One of the special treasures I keep on my desk is this little “award” that he made for me, honoring one of my books. (Dancing for the General, which is finally coming out later this year, but that’s another story–for later.)
See what I mean about the world dimming?
We’ve all had friends and coaches and teachers and cheerleaders. Writers are fortunate to have many such helpful supporters in our lives. We’ve talked here on the blog about how amazingly supportive the writing community is.
But a mentor goes above and beyond all that.
While I’ve had countless dozens of the former, I can count on only one hand the number of true mentors in my life. And so I’ve been wondering what makes them different? How is a mentor more than just a friend, a coach, a teacher, or a cheerleader? A mentor is all of that and more. But what makes a mentor a mentor? Here’s how I spell it out:
Motivate. A mentor motivates us to want to write our best. Sure, mentors supply knowledge, but they also fuel our desire.
Encourage. Mentors believe in us, even when the rest of the world doesn’t. They stick with us and don’t give up on us. They see and understand our dreams, too.
Nurture.
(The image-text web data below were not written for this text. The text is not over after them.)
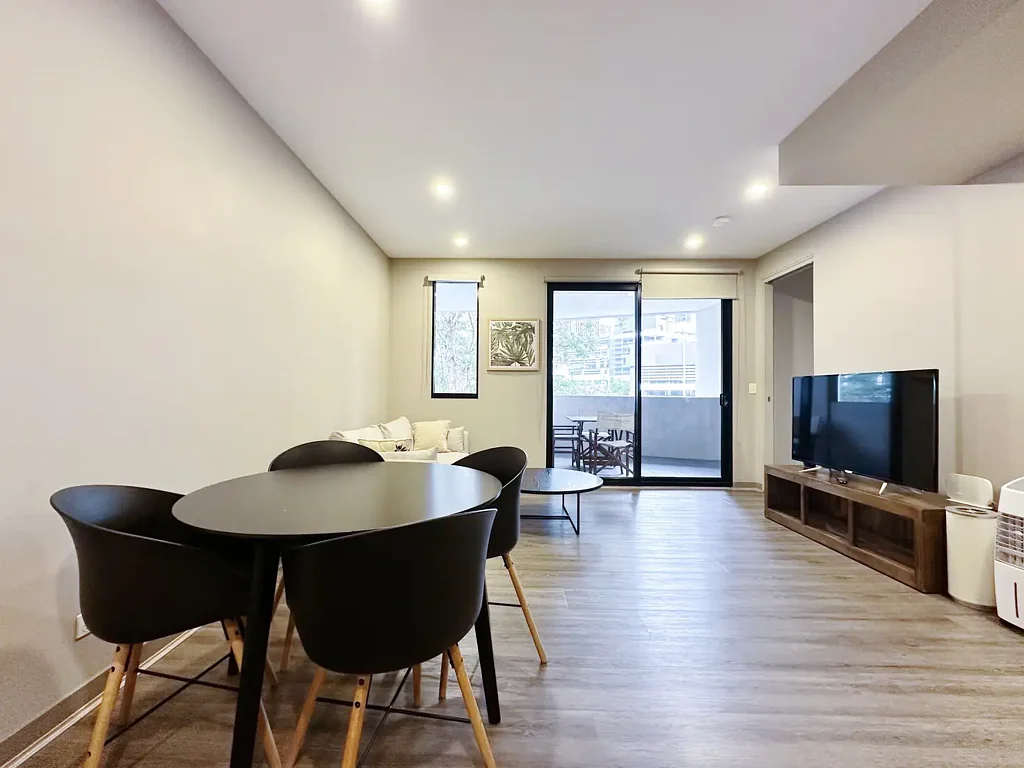 Stunning Apartment in Heart of Green Square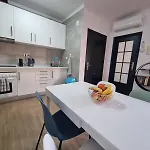 With Pool & Balcony Less Than 10min Walk To Playa Del Cura Apartman *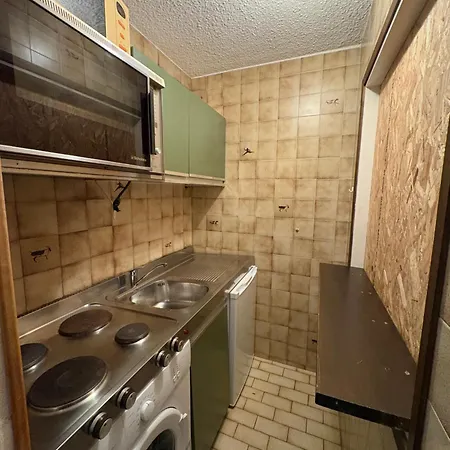 - Inout - 4 Beds Flat S-j10 Διαμέρισμα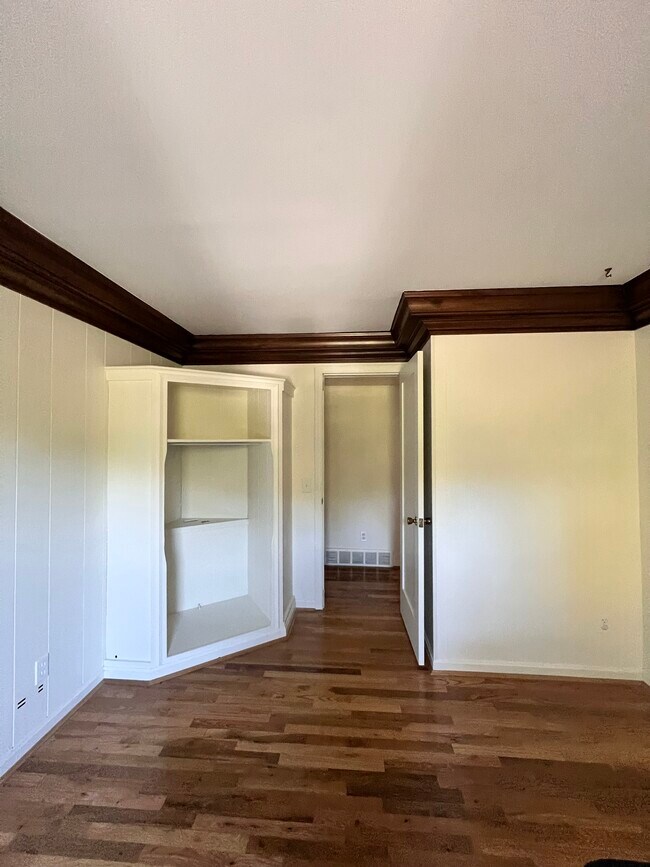 Photo - 680 Overland St Unidad 1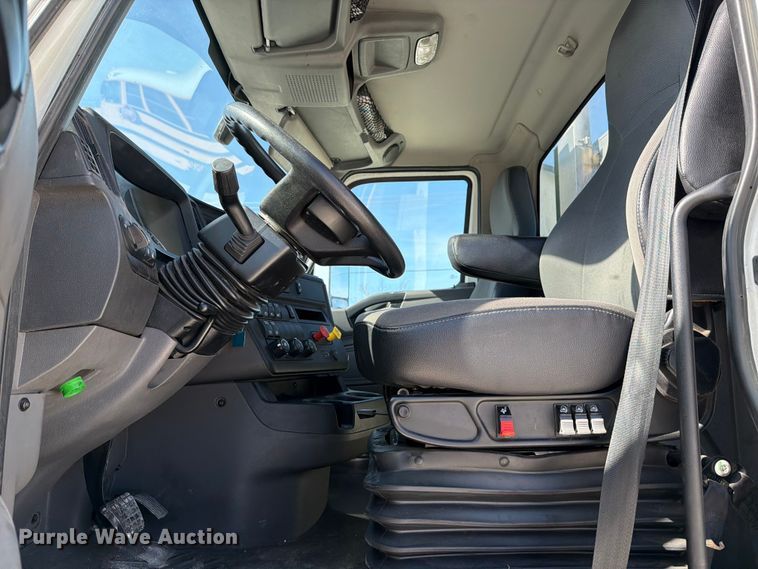 image for item ED5091 2019 International LT625 semi truck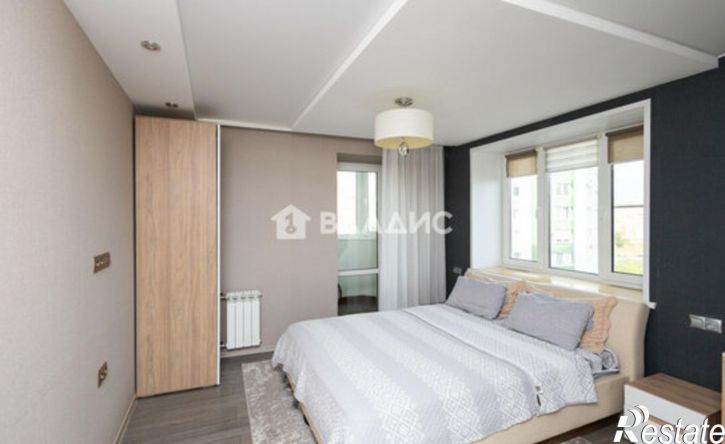 3-комн квартира улица Мира, 2В,  д. 2В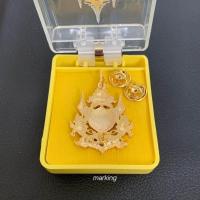 ราคา เข็มตราสัญลักษณ์ 72 พรรษา เข็มกลัดที่ระลึก เข็มฉลุ เข็มกลัด หมุด แม่เหล็ก เหรียญ 72พรรษา พร้อมกล่อง (21513511508)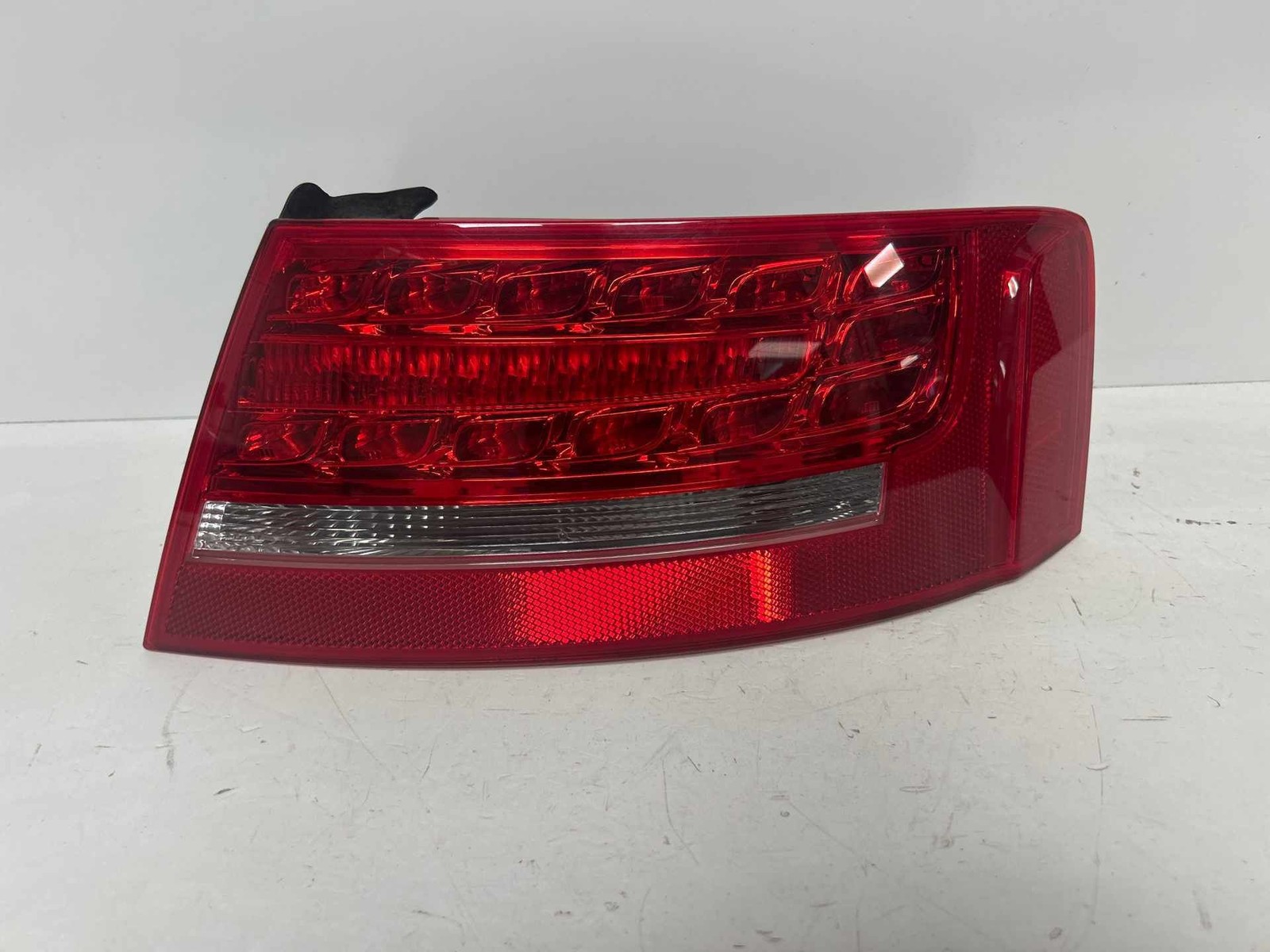 2008-09 Audi B8 A5 S5 Rear Right Taillight Lamp Outer LED 8T0945096E OEM (MK)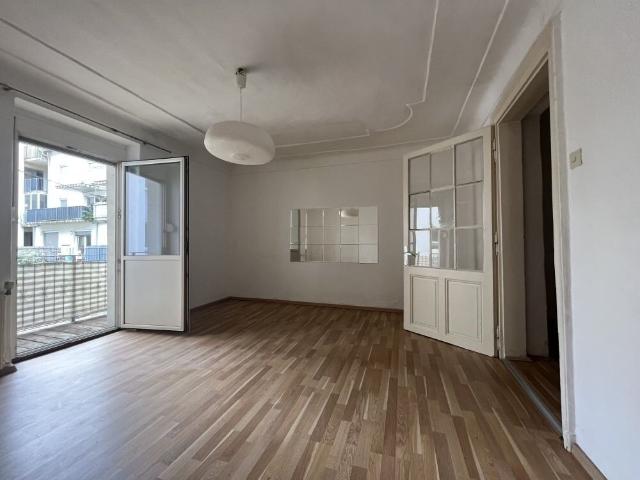 Provisionsfreie schöne 2 Zimmer Wohnung mit gemütlichem Balkon in zentraler Innenstadtlage
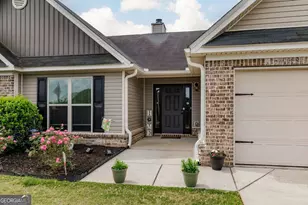 802 Brandon Dr, Winder, GA 30680 - Photo 2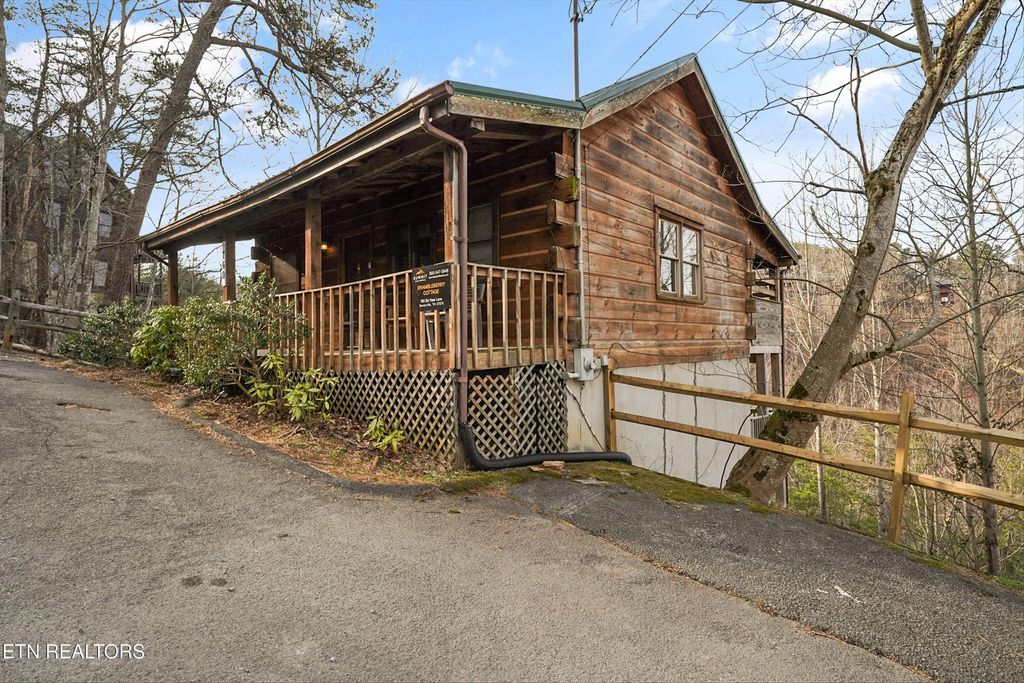 Photo of 760 Ski View Lane, Pigeon Forge, TN 37876 (MLS # 1330682)
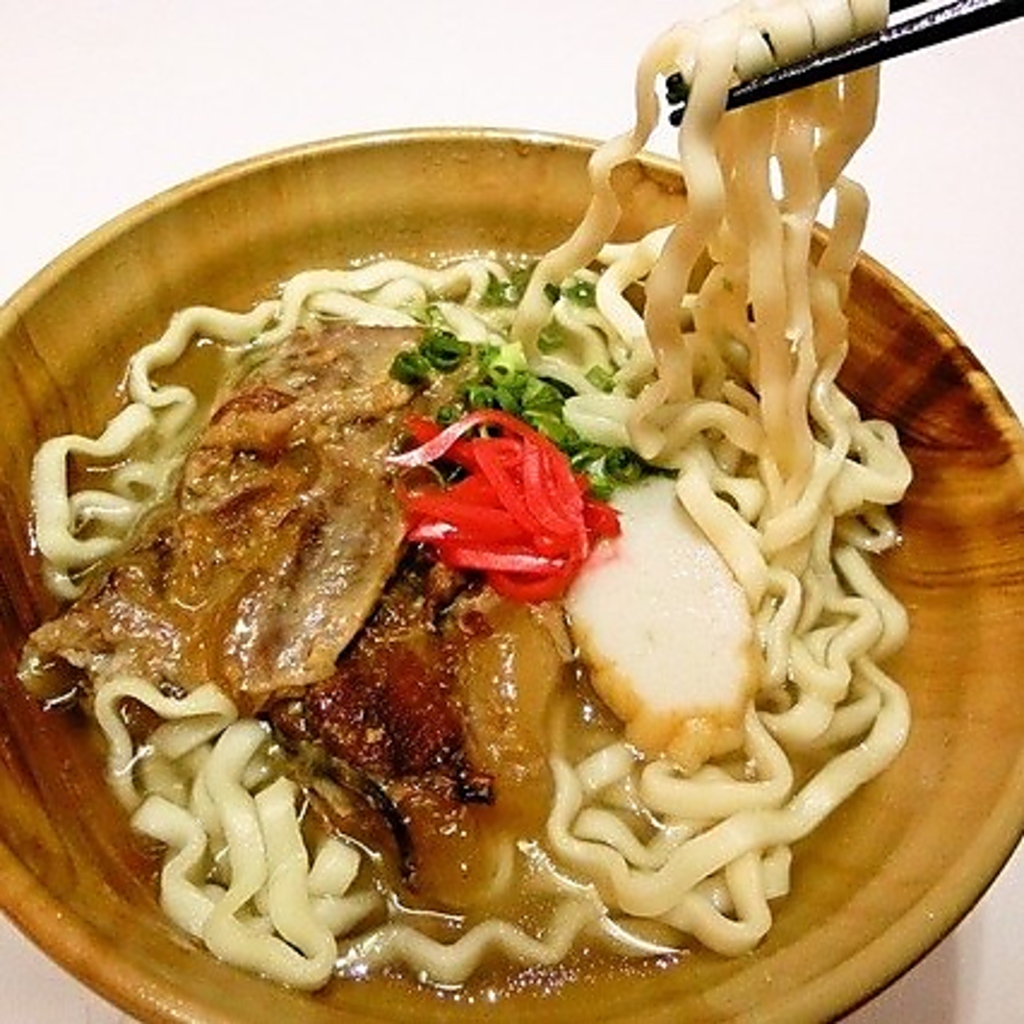 自慢の本格的な沖縄料理や種類豊富なドリンクが楽しめます！お得な飲み放題と一緒にご堪能ください。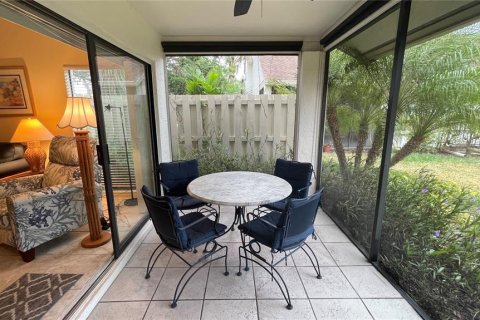 House in Sarasota, Florida 2 bedrooms, 100.33 sq.m. № 1597892 - photo 22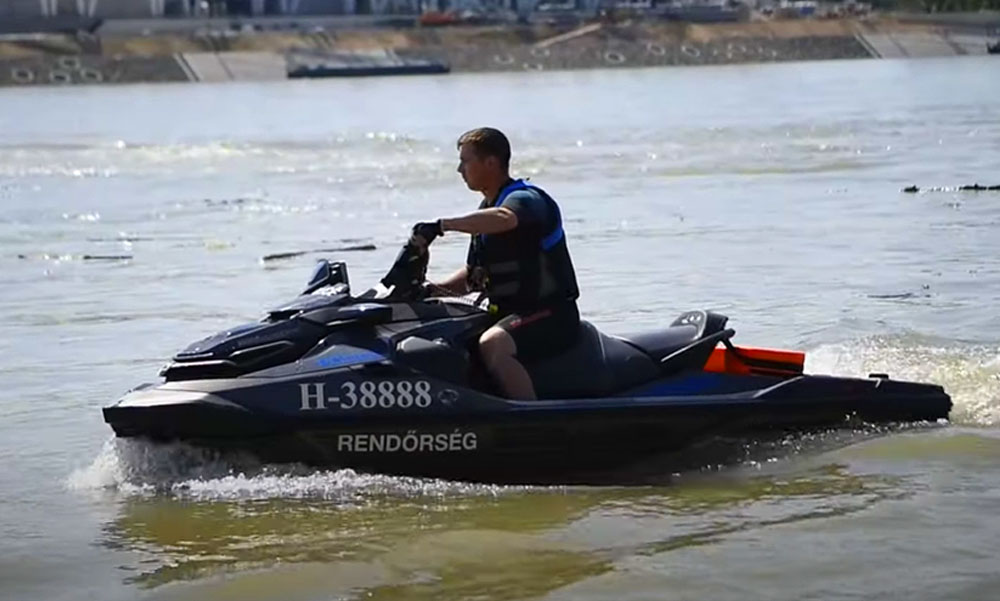 Szupergyors járműveket kaptak a dunai vízirendőrök – Videó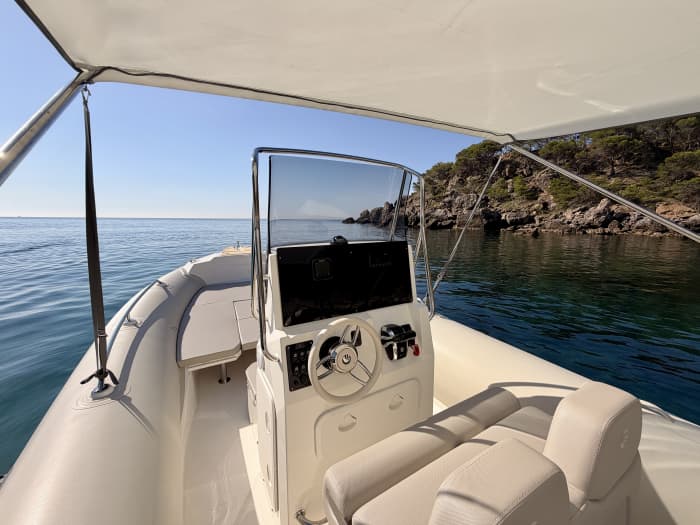 Sea Escape for Groups — Hidden Coves, Open Water & Shared Moments
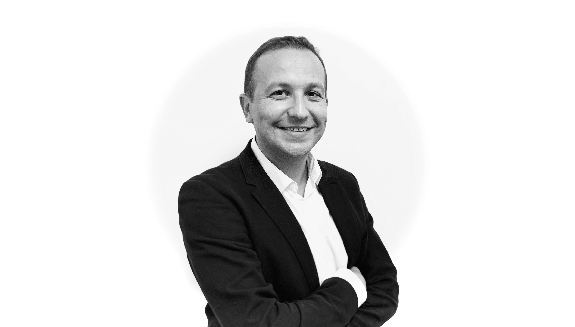 1660252913360 Aurelienlesantheadshot2021hero2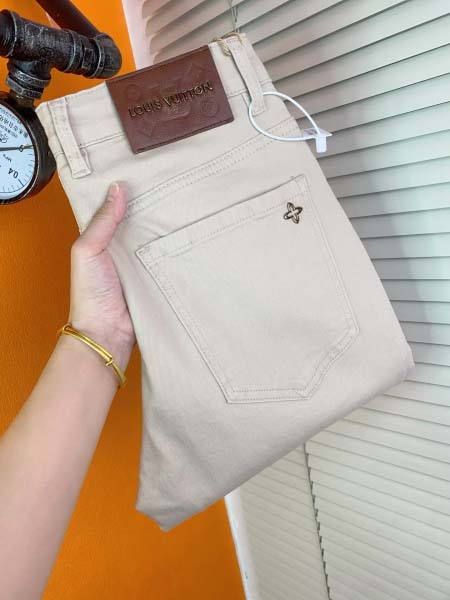 2025年3月21日早春新作Louis Vuittonジーパ...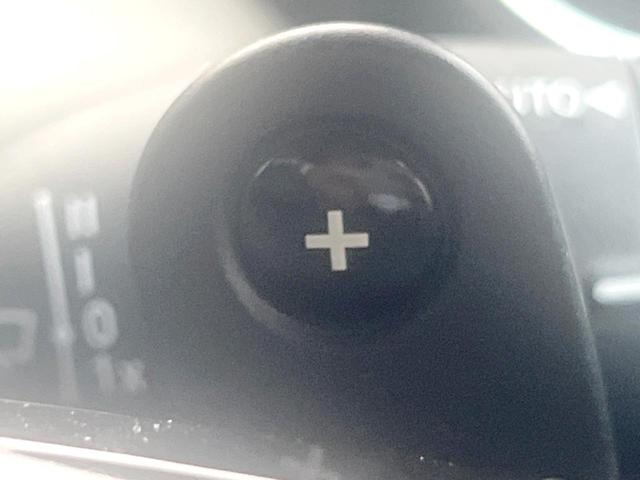 ＭＩＮＩ ジャーミン　クーパーＳ　３ドア　４０台限定車　黒革シート　純正ナビ　バックカメラ　シートヒーター　クルーズコントロール　ＬＥＤヘッド　純正１８インチアルミ　オートライト　デュアルオートエアコン　ルームミラー内蔵ＥＴＣ　禁煙車（8枚目）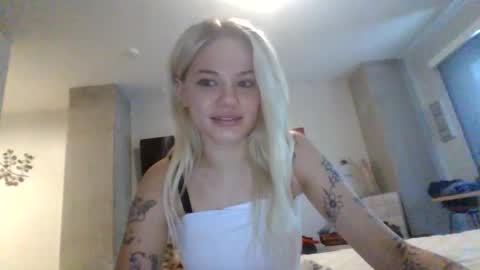 britneycherry08 online show from June 18, 9:30 pm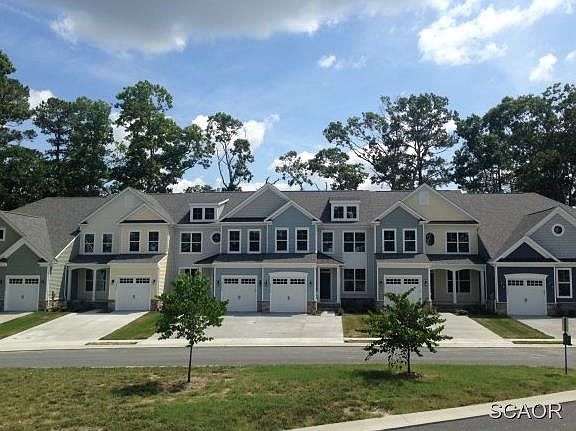 1st image of 20036 Bluff Point Dr #6E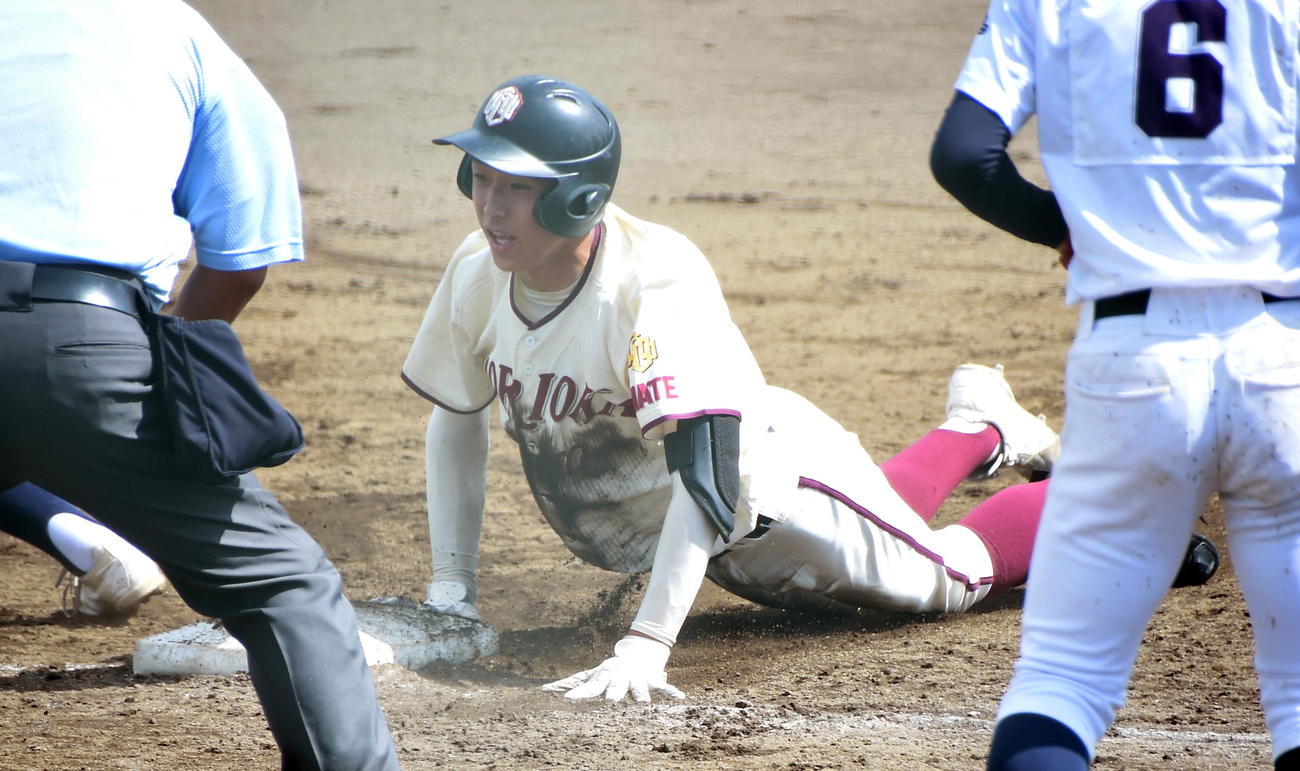 盛岡中央対盛岡市立　8回表盛岡中央無死、ヘッドスライディングして三塁打を決めた斎藤（撮影・山田愛斗）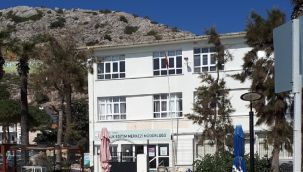 Danimarkalı Conny, dokuma tezgahlarını Çeşme Halk Eğitim'e bağışladı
Mentors gently guide us along our career paths. They nourish our literary gardens. They help us pluck out the unsightly weeds, leaving only magnificent blossoms to open.
Time. There is no limit on a mentor’s time. They give their time freely, and they do so gladly. They are always there for us, for whatever we need. Sometimes it’s advice, but other times it’s just a shoulder.
One-on-one. Mentors give us their exclusive attention, blinding us to the point that we think we are the only one they are mentoring. (The truth is that there are usually many others.)
Relationship. The mentor’s relationship is one way to give back to the writing community. It’s what writers do, in exchange for all that we have gained from the generosity of other writers.
We never really graduate from the mentor relationship. We will keep on keeping on, and the writing community is richer for all those relationships.
Have you ever had a mentor, whether for writing or something else? I’d love to hear your insights!